İstila Z - İlk Bölüm

Users who are viewing this thread

sastimi

Recruit
Merhaba arkadaşlar bu ortaçağ hikayelerinden farklı olarak değişik bir konuyu ele alıyorum..
Not
Girişi biraz hızlı oldu  :smile:
ilk hikayem her türlü eleştiriye açığım ..
Ufak yazım hataları olabilir.
Özet
Bir genç , sabah uyandığında herşey değişmişti.Dünya bir sona sürüklenirken verdiği hayatta kalma mücadelesi..

Bölüm 1-Başlangıç
Sabah uyandığımda ev bomboştu
bütün evi dolaştım. Duvarda aynı filmlerdeki gibi kanlı bir el izi vardı. düşüncelerimi izlediğim filmler doldurmaya başlamıştı. 7. katta olduğum için balkondan dışarı baktım. tek bir hareket bile yoktu , korktum. yapabileceğim şeyleri yaptım. ilk bulduğum bıçağı kavradım ve evdeki erzakları dün gece halı sahaya giderken spor malzemesi koyduğum çantaya koydum.Yavaşça evden çıkıp güvenli bir yer bulmalıydım. Apartmanda korkutucu bir sessizlik vardı, ve bu beni ürkütüyordu. Ev arkadaşlarım neredeydi? Kafamdaki deli sorularla merdivenleri yavaşça inmeye başladım.. 

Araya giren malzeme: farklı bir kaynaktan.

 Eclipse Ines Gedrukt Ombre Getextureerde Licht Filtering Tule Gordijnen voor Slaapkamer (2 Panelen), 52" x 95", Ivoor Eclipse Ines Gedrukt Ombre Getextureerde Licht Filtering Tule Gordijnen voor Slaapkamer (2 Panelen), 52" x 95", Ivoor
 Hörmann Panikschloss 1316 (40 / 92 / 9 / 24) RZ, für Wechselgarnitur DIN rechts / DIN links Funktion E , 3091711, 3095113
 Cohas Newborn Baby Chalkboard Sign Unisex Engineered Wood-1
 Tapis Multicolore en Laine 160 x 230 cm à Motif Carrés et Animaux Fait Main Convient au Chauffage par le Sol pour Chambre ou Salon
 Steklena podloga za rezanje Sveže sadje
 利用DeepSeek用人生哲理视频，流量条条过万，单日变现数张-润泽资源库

  6. kat.. normaldi. tek bir ses bile yoktu.. devam ettim adımlarımdaki sessizliği bozmamak için parmak uçlarımda iniyordum merdivenleri. ve sonunda oldu. 5. kattaki öğretmen hanımın evinden sesler geliyordu. Hırıltıyla karışık sesler. ne yapmalıydım ? ya hala hayattaysa ? Mantığım doğruca aşağı inmemi söylerken kalbim içeriye girip yardm etmemi söylüyordu. Bir karar vermeliydim..Kapı açıktı. Yavaşça ittim. Kapının gıcırtısı kalp atışlarımı bastıramıyordu. Elimdeki bıçağı önde tutarak yürüdüm. Ev düzenleri aynı olduğu için dizayna alışıktım. Önce oturma odasına baktım sessizce.. boştu.. Kafamı mutfağa çevirdim yaklaştıkça sesler artmaya başladı. Mutfak kapısından içeri baktığımda yediğim herşeyin bir anda ağzıma hücum ettiğini hissettim.. Kendime zor hakim olarak karşımdaki tabloyu idrak etmeye çalışıyordum.

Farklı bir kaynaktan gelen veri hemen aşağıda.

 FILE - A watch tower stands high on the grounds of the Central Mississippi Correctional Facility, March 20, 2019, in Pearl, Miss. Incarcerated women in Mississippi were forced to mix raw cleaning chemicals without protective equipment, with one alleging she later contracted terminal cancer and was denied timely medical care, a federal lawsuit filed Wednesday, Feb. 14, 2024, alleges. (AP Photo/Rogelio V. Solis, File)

  Tek görebildiğim öğretmenin ikiye ayrılmış bedeni ve dışarı çıkmış bağırsaklarını kemiren bir insandı.. Artık insan olduğunu pek sanmasam da bu gördüklerimi değiştirmeyecekti. Ne yapmalıydım. Arkamı dönüp uzaklaşmak istiyordum ancak bu tehdidi ortadan kaldırmalıydım. O anda sırtımdaki çantadan çıkan seslerle kendisine ziyafet çeken zombi bir anda bana döndü. Donup kaldım. Yaptığım tek şey hiç bir şey yapmamak oldu. Garip sesler çıkararak üzerime yürüyordu. bense sadece geriye gidiyordum.. Ta ki duvara deyene kadar. Belki ölüm anım bu diye düşündüm.. Zombi üzerime geliyordu, ellerini omuzlarıma attı ve korkunç bir güçle beni kendisine çekti ısırmaya çalışıyordu. Benimde yaptığım tek şey elimdeki bıcağı göğüs kafesine saplamak oldu.. Hiç bir etki etmemişti.

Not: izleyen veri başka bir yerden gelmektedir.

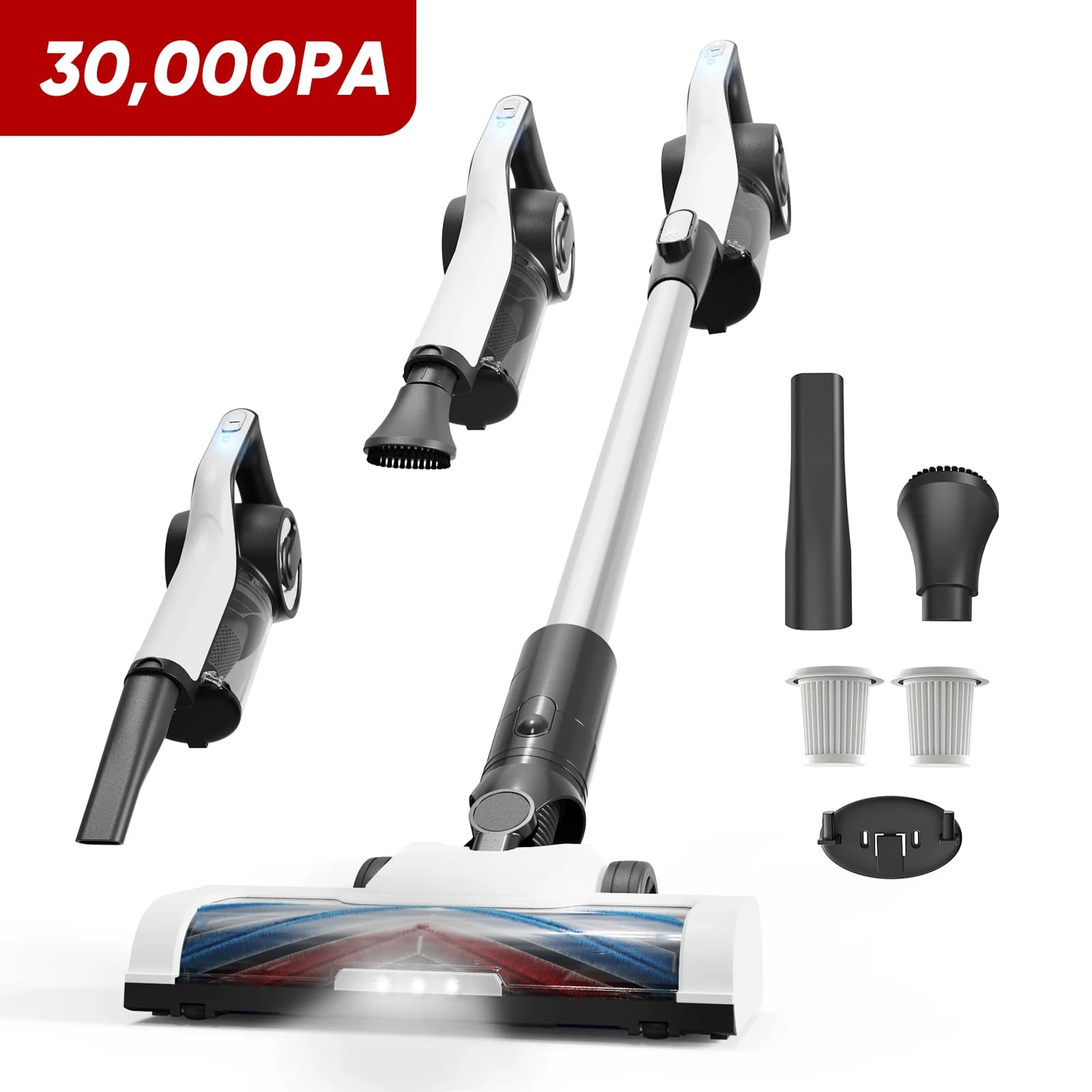 LAMZIEN V9PRO Cordless Vacuum Cleaner, 35000PA/40Min Runtime, Efficient HEPA Filtration, with Green LED Headlight, V-Shaped Anti-Tangle Brush for Hard Floor, Carpet & Pet Hair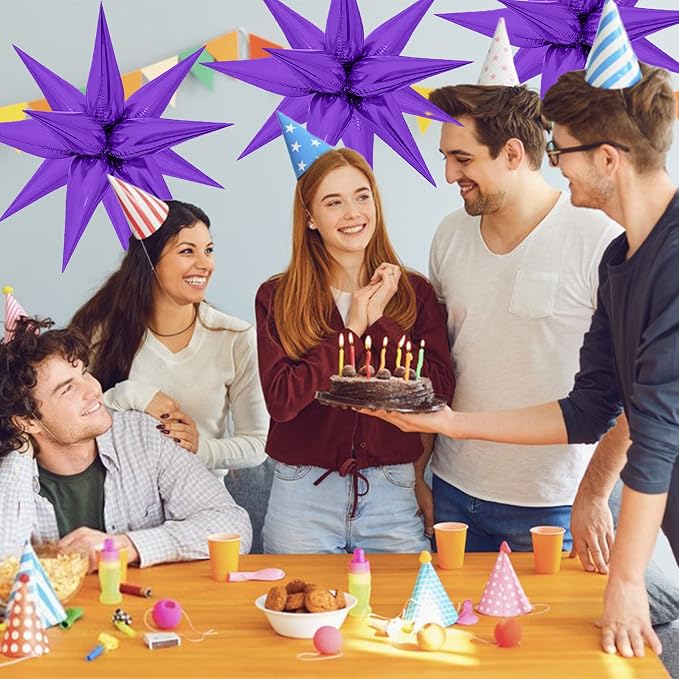ZAKVOOR 60 Pcs Star Balloons 12 Spike Foil Explosion Party Decoration Balloons - Image 6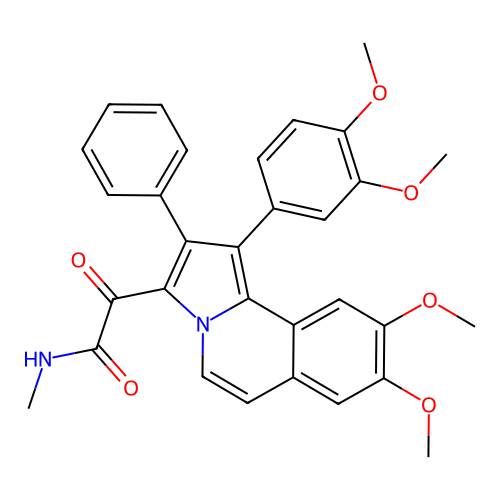 2-[1-(3,4-dimethoxyphenyl)-8,9-dimethoxy-2-phenylpyrrolo[2,1-a]isoquinolin-3-yl]-N-methyl-2-oxoacetamide structure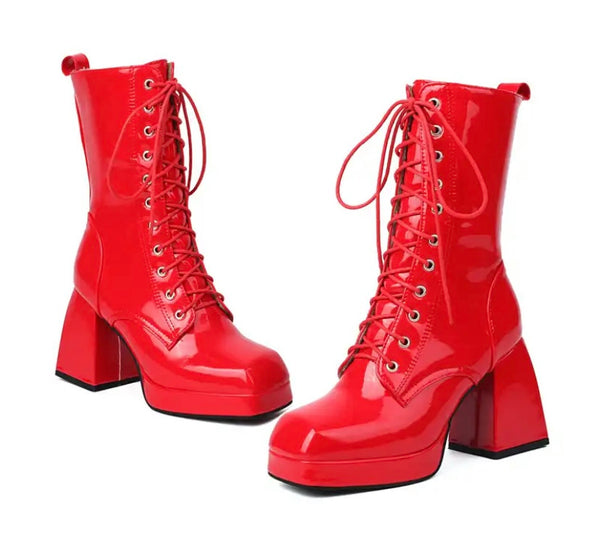 Women Fashion Lace Up Patent Leather Ankle Boots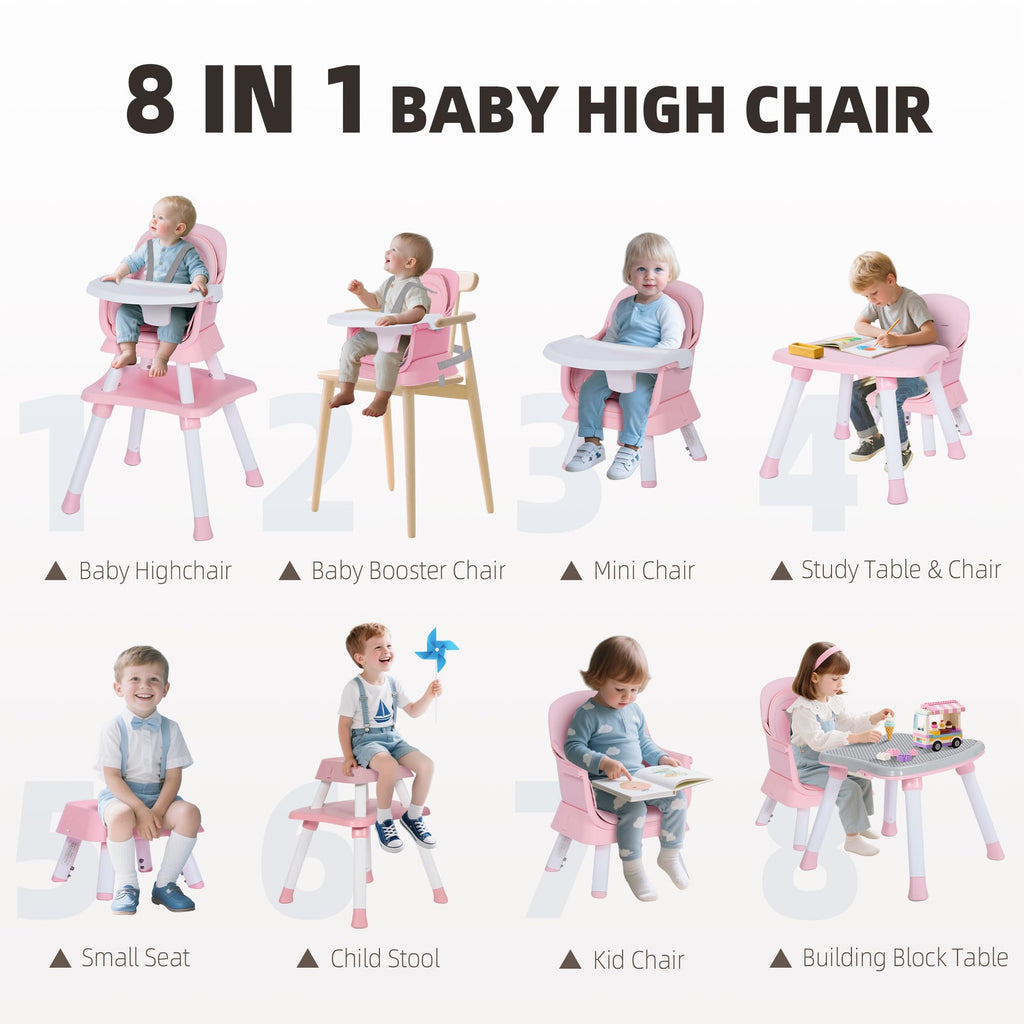 TODECARE 8 in 1 Baby High Chair, Convertible Feeding Chair, Pink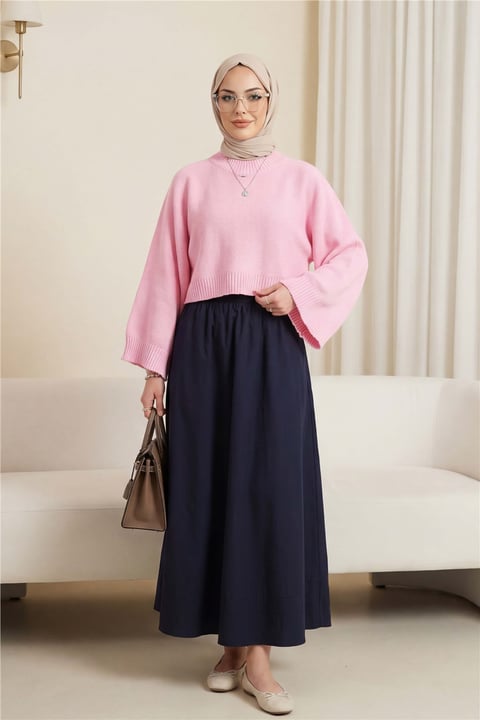 Yarım Boğazlı Yarasa Kol Etek Üstü Triko Kazak -Pembe-Kazak-109-0976-R20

Isırmak üzere olduğu kolumu çekince bıçağı göğsünden alabildim ve gözlerimi kapayıp var gücümle yüzüne doğru savurdum. bıçak sert bir zemine çarptıktan sonra elimden kaydı. bir yıkılma sesi işittim. Gözlerimi açtığımda zombinin alnında bir bıçakla yerde yattığını gördüm. Her tarafım kan içindeydi. Fakat bu benim kanım değildi. Ve o an yediklerimin hepsini çıkardım.. Kendime gelmem epey vaktimi almıştı. Üstümdeki kanı temizledim, evin her yerini dolaşmak için epey bi cesarete ihtiyaç duydum. Güvende olmalıyım. Şu an önemli olan da buydu. Balkona çıktım. Sol tarafta anayol görünüyordu. Alabildiğine bir araç kuyruğu. Ama garip birşeyler vardı. Tek bir hareket bile yoktu. Koca şehirde ne bir siren çalıyor, ne bir kuş uçuyordu.. Tanrım, onca insan.. Neler oluyor ?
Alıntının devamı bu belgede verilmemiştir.